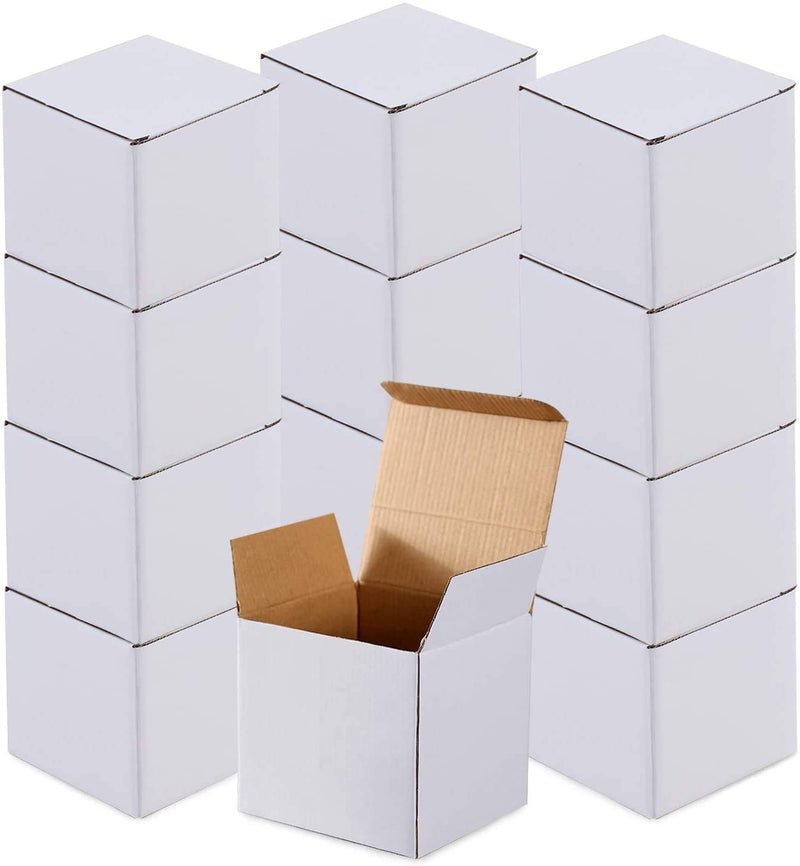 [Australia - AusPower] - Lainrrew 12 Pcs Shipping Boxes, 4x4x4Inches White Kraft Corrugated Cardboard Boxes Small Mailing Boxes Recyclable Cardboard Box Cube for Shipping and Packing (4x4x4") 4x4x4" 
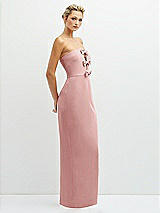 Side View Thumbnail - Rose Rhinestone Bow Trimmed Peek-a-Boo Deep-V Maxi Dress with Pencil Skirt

...

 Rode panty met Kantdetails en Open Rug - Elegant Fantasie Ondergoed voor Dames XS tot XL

EXERCISE REQUIREMENTS
Give back exactly the lines of the listing above from the one that contains "[Australia - AusPower]" up to and including the one that contains "Side View Thumbnail", but not the pictures, and no other lines.

RESULT OF THIS TASK
 [Australia - AusPower] - Lainrrew 12 Pcs Shipping Boxes, 4x4x4Inches White Kraft Corrugated Cardboard Boxes Small Mailing Boxes Recyclable Cardboard Box Cube for Shipping and Packing (4x4x4") 4x4x4" 
 Side View Thumbnail - Rose Rhinestone Bow Trimmed Peek-a-Boo Deep-V Maxi Dress with Pencil Skirt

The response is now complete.